We need a way of writing down elements of $S_{n}$. The simplest is called two row notation. To represent $f\in S_{n}$, you write two rows of numbers. The top row is 1, 2, …, $n$. Then underneath each number $i$ on the top row you write $f(i)$:

 $\begin{pmatrix}1&2&\cdots&n\\ f(1)&f(2)&\cdots&f(n)\end{pmatrix}$

As an example, here are the two row notations for the two permutations of the previous example.

 $\displaystyle f$ $\displaystyle:\begin{pmatrix}1&2&3\\ 3&2&1\end{pmatrix}$ $\displaystyle g$ $\displaystyle:\begin{pmatrix}1&2&3&4\\ 2&3&4&1\end{pmatrix}$

The two row notation for the identity in $S_{n}$ is particularly simple:

 $\begin{pmatrix}1&2&\cdots&n-1&n\\ 1&2&\cdots&n-1&n\end{pmatrix}.$

This is a simple and not-that-efficient notation (it is not feasible to write down an element of $S_{100}$ this way, even if it is a very simple permutation e.g. swaps 1 and 2, leaves 3-100 alone), but it is at least concrete and simple.

## 2.10.2 How many permutations?

$n!$, pronounced n factorial, means $n\times(n-1)\times\cdots\times 2\times 1$.

###### Theorem 2.10.1.

$|S_{n}|=n!$

###### Proof.

We will count how many possible bottom rows of two row notations for elements of $S_{n}$ there are. Because a permutation is a bijection — one-to-one and onto — this bottom row consists of the numbers $1,2,\ldots,n$ in some order.

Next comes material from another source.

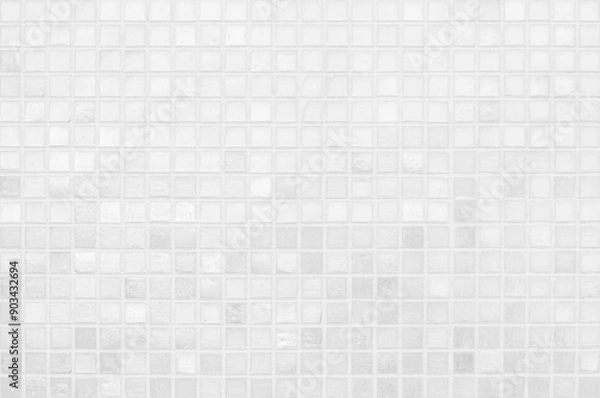 Fototapeta White tile wall background bathroom texture. Ceramic wall and floor tiles mosaic background in bathroom design pattern wallpaper decoration.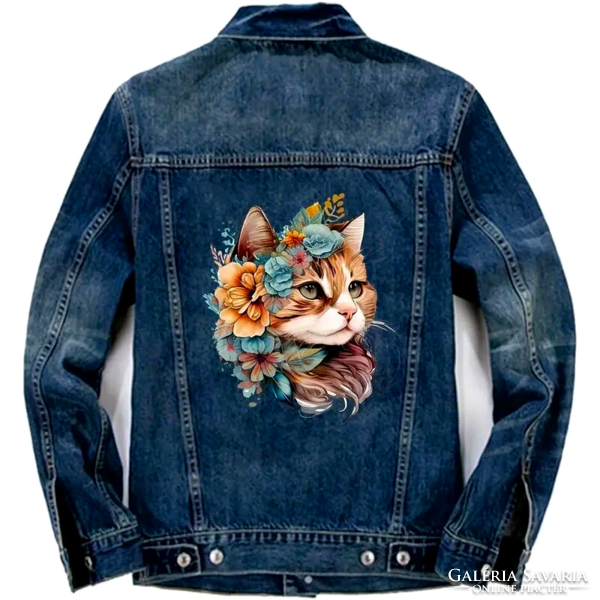 Floral cat head iron-on clothes sticker 3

We just need to show that there are exactly $n!$ different ways to order the numbers $1,2,\ldots,n$.

We prove this by induction on $n$. For the base case $n=1$ we have $1!=1$ and it is clear that there is only one way to order a single 1.

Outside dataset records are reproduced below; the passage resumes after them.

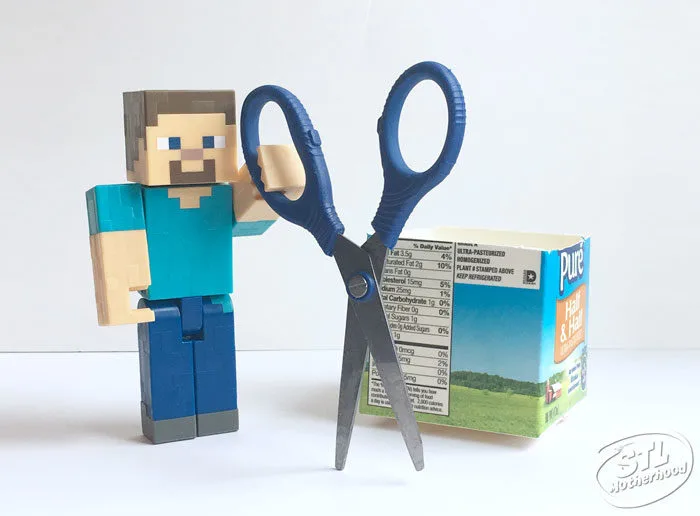 Handmade Cardboard Steve from Minecraft Talk with Large LEGO Steve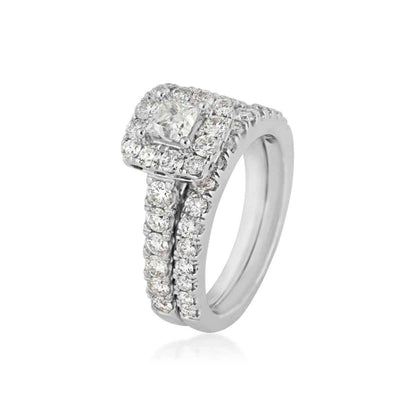 Natural 2 ct. tw. Princess Cut Diamond Halo Wedding Set in 14K White Gold front view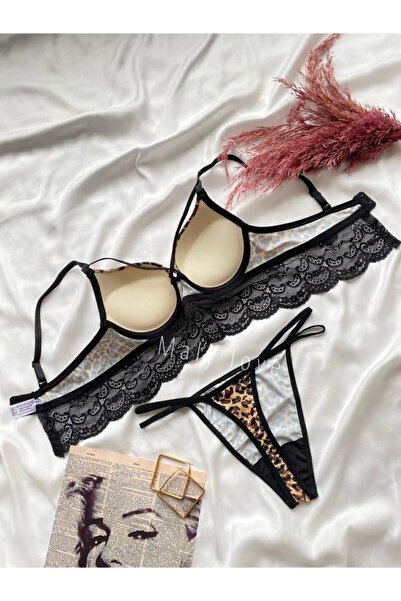 Maly Love Kadın Leopar Desenli Destekli Dolgulu Bralet Takım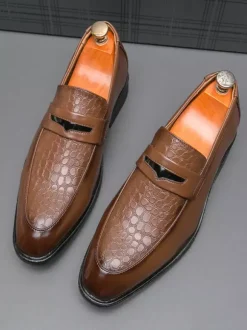 Men's Penny Loafers Slip-On Round Toe Chunky Heel Slip On PU Loafer Shoes For Wedding Prom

For the inductive step, suppose $|S_{n-1}|=(n-1)!$. An ordering of $1,2,\ldots,n$ arises in exactly one way as an ordering of $1,2,\ldots,(n-1)$ with the number $n$ inserted into one of $n$ places (the first, or second, or …, or $n$th position). So the number of such orderings is $|S_{n-1}|$ (the number of ways to choose an ordering of $1,2,\ldots,(n-1)$) times the number of ways to insert an $n$, giving $|S_{n}|=|S_{n-1}|\times n=(n-1)!\times n=n!$. This completes the inductive step. ∎

For example, there are $2!=2$ elements of $S_{2}$: they are

 $\begin{pmatrix}1&2\\ 1&2\end{pmatrix},\begin{pmatrix}1&2\\ 2&1\end{pmatrix}$

The first one is the identity function on $\{1,2\}$.